*RECORDS TO PROCESS*.
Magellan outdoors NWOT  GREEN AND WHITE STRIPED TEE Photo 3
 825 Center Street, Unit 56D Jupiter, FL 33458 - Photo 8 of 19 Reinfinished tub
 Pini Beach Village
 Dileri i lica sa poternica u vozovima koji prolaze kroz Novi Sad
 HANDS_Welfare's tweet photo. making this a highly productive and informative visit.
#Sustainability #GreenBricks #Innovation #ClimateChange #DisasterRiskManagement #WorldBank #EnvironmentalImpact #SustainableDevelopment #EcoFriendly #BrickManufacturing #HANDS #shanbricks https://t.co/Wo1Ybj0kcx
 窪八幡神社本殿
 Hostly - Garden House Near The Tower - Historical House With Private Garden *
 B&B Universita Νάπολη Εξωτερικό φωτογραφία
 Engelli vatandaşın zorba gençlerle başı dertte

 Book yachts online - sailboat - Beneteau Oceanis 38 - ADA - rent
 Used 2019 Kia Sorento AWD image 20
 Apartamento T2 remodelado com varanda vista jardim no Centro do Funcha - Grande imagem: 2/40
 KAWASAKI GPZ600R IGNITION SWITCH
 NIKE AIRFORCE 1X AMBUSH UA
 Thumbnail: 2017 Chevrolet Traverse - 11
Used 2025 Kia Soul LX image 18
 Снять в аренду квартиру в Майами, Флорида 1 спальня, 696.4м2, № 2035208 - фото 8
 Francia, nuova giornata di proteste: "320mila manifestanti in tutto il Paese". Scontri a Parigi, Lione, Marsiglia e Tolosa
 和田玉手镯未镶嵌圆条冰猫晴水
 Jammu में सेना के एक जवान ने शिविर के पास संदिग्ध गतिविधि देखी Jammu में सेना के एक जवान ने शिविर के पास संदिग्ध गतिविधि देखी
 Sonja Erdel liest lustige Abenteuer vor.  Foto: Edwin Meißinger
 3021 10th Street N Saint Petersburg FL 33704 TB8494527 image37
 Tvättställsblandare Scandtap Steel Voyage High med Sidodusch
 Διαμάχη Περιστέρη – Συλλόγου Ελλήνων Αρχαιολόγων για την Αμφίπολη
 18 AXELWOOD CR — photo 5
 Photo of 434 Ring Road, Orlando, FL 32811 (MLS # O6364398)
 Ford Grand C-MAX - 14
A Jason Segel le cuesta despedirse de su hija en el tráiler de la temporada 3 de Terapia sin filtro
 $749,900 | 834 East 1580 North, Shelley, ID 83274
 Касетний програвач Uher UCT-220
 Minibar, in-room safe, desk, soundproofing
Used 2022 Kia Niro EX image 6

*ASSIGNMENT*. Print nothing but the lines from the line with "18 AXELWOOD CR — photo 5" to the last line of the records above. Both of those lines count.

*ANSWER*.
 18 AXELWOOD CR — photo 5
 Photo of 434 Ring Road, Orlando, FL 32811 (MLS # O6364398)
 Ford Grand C-MAX - 14
A Jason Segel le cuesta despedirse de su hija en el tráiler de la temporada 3 de Terapia sin filtro
 $749,900 | 834 East 1580 North, Shelley, ID 83274
 Касетний програвач Uher UCT-220
 Minibar, in-room safe, desk, soundproofing
Used 2022 Kia Niro EX image 6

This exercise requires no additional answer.